At Mare island, twenty-eight miles from San Francisco by steamer, and in the direction of Sacramento from San Francisco, the federal government has established the most extensive navy yard in the republic. Thirty acres of land, on Mare island, with an extensive water-front, is owned by the United States: upon this are erected large and substantial brick buildings, for all the purposes of the yard. There is an excellent drydock at these works, where all the repairing of the Pacific squadron is done. The works and grounds here have been projected upon a scale adequate to the growing interests of the Pacific side of the republic.

COMMERCE.

In preceding chapters will be found statements of the commercial transactions of California under Spanish, Mexican, and early American rule. The internal improvements constantly going on in the State, in building railroads, factories, and the varied local industries, together with the establishment of steam communication to all parts of the Pacific coast, the Pacific islands, Asia, and Australia, are fast giving California a prominent commercial position.

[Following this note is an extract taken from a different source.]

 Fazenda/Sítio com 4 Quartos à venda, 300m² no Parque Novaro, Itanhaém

In the early history of the State, when gold was the only export, and every article of food and consumption

had to be imported, and all the gold was sent out of the country, exports presented very formidable figures.

California, in 1853, yielded sixty-five million dollars in gold, and exported fifty-seven million dollars; only two million dollars of which were merchandise. California now yields annually but about twenty-five million dollars in gold. There were over thirty-two million dollars in gold shipped from San Francisco in 1870; but a great portion of this found its way from the adjoining Pacific States and Territories to California, which latter State cannot be credited with more than sixteen million dollars export of gold of her own production, although her product was twenty-five million dollars.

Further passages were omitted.